License Build Status PyPI version

OarphPy is a collection of Python utilities for Data Science with PySpark and Tensorflow. Related (but orthogonal) to OarphKit.

Quickstart

Install from PyPI: pip install oarphpy. We test OarphPy in a variet of environments (see below), so it should play well with your Jupyter/Colab notebook or project environment. To include all extras, use pip install oarphpy[all].

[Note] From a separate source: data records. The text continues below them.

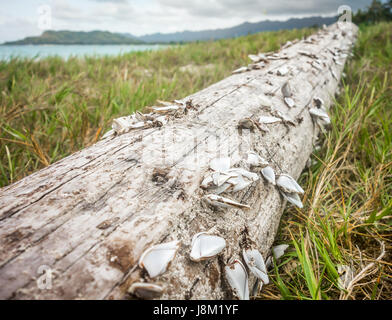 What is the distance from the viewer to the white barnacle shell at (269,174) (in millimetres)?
1073

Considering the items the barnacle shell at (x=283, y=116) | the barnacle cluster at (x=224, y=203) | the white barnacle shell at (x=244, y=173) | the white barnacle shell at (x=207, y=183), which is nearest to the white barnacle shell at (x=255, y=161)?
the barnacle cluster at (x=224, y=203)

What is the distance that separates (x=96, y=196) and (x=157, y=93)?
2.24 metres

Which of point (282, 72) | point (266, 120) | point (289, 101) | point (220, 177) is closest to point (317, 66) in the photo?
point (282, 72)

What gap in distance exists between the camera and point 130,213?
0.72 meters

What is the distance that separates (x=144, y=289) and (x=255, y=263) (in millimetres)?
463

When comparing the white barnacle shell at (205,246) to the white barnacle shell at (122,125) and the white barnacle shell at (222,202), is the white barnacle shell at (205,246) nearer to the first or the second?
the white barnacle shell at (222,202)

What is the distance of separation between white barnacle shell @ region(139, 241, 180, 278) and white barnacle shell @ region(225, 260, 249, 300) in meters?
0.24

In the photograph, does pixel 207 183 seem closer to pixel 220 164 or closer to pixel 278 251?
pixel 220 164

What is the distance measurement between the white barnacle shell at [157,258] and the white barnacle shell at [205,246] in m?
0.08

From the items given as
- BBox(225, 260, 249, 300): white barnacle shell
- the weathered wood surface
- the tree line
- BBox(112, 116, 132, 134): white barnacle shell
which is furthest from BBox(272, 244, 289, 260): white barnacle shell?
the tree line

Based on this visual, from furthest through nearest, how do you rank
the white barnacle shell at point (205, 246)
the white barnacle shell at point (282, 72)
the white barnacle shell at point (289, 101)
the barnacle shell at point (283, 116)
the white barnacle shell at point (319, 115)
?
the white barnacle shell at point (282, 72), the white barnacle shell at point (319, 115), the white barnacle shell at point (289, 101), the barnacle shell at point (283, 116), the white barnacle shell at point (205, 246)

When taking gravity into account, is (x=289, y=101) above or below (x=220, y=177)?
above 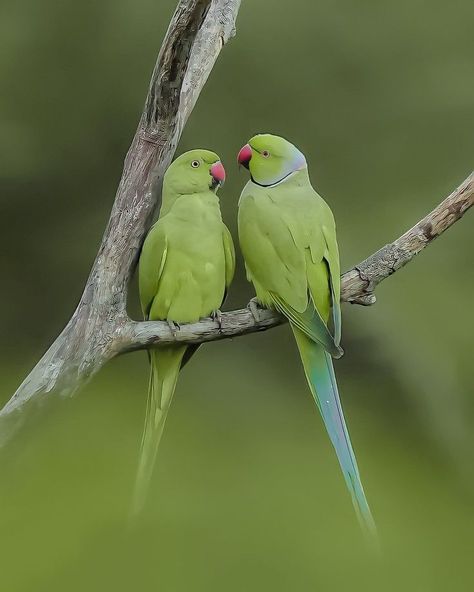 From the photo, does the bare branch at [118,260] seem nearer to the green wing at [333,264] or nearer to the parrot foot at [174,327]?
the parrot foot at [174,327]

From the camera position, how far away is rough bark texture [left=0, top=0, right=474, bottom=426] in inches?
40.2

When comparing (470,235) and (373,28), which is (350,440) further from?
(373,28)

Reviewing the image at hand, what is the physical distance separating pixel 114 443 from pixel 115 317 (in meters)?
0.85

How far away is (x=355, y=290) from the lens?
1.15 meters

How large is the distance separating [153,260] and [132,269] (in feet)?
0.19

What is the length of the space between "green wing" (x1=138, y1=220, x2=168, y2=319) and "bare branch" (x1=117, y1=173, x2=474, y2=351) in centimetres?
5

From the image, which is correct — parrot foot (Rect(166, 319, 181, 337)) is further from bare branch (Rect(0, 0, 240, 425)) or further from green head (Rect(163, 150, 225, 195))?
green head (Rect(163, 150, 225, 195))

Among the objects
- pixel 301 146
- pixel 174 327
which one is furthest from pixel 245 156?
pixel 301 146

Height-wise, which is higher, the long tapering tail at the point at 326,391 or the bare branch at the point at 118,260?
the bare branch at the point at 118,260

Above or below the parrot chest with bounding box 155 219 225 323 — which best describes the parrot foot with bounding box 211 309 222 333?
below

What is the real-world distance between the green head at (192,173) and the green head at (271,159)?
0.17 feet

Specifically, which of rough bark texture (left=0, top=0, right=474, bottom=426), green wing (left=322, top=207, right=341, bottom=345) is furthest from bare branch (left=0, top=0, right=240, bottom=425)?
green wing (left=322, top=207, right=341, bottom=345)

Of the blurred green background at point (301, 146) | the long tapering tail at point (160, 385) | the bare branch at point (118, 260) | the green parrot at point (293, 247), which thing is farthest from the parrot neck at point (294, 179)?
the blurred green background at point (301, 146)

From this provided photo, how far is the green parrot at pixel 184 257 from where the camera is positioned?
40.5 inches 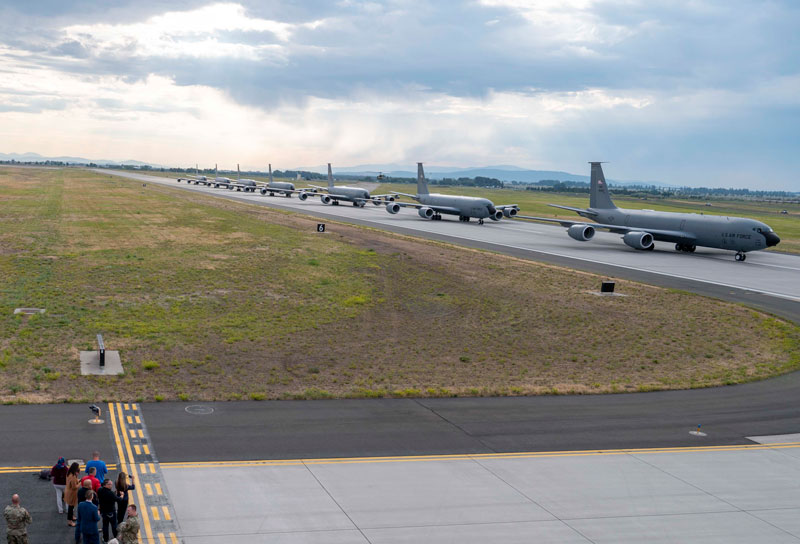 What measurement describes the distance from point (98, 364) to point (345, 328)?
12779 mm

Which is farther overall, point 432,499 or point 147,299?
point 147,299

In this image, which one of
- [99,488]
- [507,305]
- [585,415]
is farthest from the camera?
[507,305]

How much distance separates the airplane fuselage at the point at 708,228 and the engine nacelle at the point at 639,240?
3.14ft

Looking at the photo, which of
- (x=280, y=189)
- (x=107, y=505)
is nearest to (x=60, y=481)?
(x=107, y=505)

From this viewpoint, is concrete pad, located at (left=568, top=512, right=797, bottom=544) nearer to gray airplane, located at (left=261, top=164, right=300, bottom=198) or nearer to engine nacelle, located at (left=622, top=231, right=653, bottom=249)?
engine nacelle, located at (left=622, top=231, right=653, bottom=249)

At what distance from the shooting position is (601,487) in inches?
730

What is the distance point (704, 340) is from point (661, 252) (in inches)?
1470

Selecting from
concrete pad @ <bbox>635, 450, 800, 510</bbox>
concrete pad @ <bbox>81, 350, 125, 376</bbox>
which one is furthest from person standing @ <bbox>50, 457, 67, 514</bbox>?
concrete pad @ <bbox>635, 450, 800, 510</bbox>

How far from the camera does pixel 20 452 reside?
19062 millimetres

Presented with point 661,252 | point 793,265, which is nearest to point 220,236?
point 661,252

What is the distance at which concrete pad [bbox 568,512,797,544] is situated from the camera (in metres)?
15.9

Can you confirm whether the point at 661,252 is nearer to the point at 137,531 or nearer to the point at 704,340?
the point at 704,340

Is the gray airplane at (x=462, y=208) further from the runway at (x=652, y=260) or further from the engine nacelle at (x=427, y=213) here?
the runway at (x=652, y=260)

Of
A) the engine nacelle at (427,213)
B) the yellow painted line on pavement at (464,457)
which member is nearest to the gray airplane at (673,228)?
the engine nacelle at (427,213) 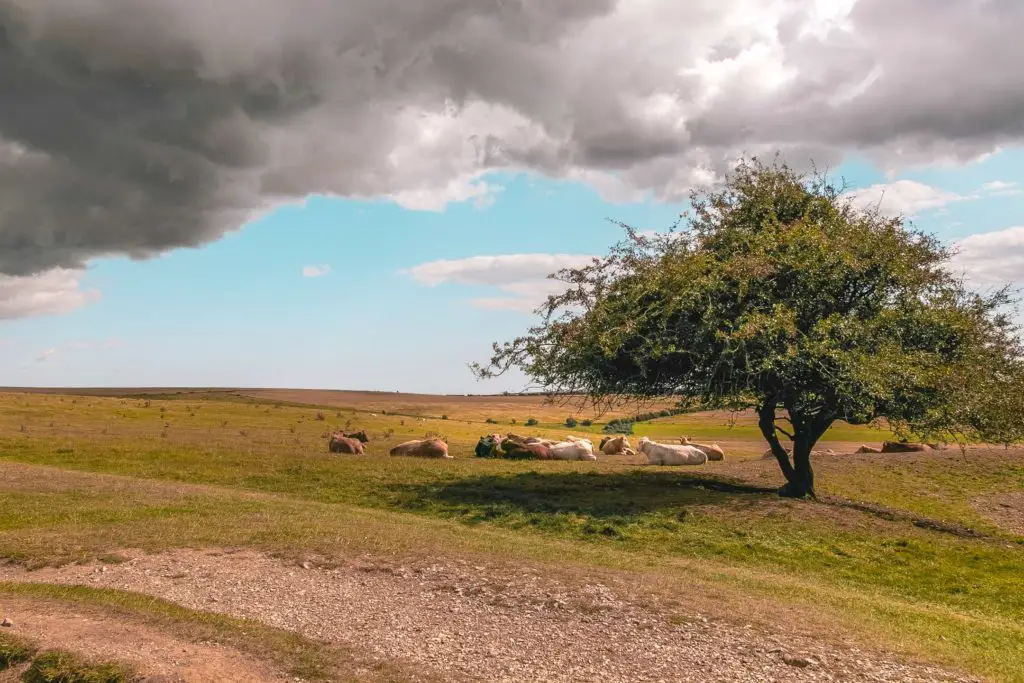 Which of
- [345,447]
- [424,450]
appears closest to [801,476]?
[424,450]

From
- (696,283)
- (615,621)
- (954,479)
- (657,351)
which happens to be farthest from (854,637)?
(954,479)

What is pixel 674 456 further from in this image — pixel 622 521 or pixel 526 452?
pixel 622 521

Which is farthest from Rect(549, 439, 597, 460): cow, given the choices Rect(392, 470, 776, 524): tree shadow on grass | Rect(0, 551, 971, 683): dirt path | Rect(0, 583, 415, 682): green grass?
Rect(0, 583, 415, 682): green grass

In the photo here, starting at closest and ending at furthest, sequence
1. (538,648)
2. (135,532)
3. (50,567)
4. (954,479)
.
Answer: (538,648)
(50,567)
(135,532)
(954,479)

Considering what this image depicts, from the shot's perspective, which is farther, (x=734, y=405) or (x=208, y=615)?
(x=734, y=405)

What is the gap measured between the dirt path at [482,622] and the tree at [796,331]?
13.8 metres

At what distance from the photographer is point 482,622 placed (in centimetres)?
1418

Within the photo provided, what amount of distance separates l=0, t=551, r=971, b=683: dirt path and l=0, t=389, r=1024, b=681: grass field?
129cm

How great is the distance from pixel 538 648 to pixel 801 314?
20609 mm

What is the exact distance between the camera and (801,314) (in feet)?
95.5

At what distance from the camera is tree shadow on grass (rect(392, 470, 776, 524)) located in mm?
27609

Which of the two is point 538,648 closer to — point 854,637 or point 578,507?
point 854,637

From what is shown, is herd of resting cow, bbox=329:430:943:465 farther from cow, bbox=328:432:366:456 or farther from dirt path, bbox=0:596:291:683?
dirt path, bbox=0:596:291:683

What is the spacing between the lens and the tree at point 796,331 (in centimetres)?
2711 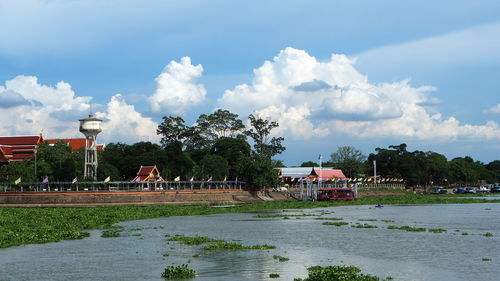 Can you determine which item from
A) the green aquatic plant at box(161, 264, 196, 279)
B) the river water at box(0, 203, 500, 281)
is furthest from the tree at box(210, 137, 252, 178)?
the green aquatic plant at box(161, 264, 196, 279)

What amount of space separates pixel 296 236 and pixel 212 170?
78799 mm

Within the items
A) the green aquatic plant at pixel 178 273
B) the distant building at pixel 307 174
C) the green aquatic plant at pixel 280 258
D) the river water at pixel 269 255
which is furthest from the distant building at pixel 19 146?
the green aquatic plant at pixel 178 273

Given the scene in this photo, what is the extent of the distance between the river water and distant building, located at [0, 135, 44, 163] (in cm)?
9889

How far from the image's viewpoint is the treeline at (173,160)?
108 m

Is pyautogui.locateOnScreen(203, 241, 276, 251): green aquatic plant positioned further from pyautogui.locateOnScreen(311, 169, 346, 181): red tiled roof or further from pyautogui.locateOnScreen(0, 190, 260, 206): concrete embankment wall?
pyautogui.locateOnScreen(311, 169, 346, 181): red tiled roof

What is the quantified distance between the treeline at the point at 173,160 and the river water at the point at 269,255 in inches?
2397

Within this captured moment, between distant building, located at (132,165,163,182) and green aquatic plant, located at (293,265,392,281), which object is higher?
distant building, located at (132,165,163,182)

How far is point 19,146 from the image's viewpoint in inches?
5719

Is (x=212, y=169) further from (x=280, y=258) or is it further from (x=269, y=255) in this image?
(x=280, y=258)

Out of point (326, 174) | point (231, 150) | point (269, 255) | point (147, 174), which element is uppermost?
point (231, 150)

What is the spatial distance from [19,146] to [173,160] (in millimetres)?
45665

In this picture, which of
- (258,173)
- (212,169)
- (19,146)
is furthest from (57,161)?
(258,173)

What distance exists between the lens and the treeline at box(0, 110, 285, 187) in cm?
10781

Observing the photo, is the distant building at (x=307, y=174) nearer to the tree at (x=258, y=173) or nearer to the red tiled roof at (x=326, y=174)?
the red tiled roof at (x=326, y=174) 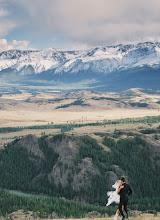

Or use the dockerized environment hosted on DockerHub:

  $ ./oarphcli --shell
  -- or --
  $ docker run -it --net=host oarphpy/full bash

See also API documentation.

Demos

Dockerized Development Environments

OarphPy is built and tested in a variety of environments to ensure the library works with and without optional dependencies. These environments are shared on DockerHub and defined in the docker subdirectory of this repo:

  • oarphpy/full -- Includes Tensorflow, Jupyter, a binary install of Spark, and other tools like Bokeh. Use this environment for adhoc data science or as a starter for other projects.

  • oarphpy/base-py2 -- Tests oarphpy in a vanilla Python 2.7 environment to ensure clean interop with other projects.

  • oarphpy/base-py3 -- Tests oarphpy in a vanilla Python 3 environment to ensure clean interop with other projects.

  • oarphpy/spark -- Tests oarphpy with a vanilla install of PySpark to ensure basic compatibility.

  • oarphpy/tensorflow -- Tests oarphpy with Tensorflow 1.x to ensure basic compatibility (e.g. of oarphpy.util.tfutil).

Development

See ./oarphcli --help for the development and release workflow.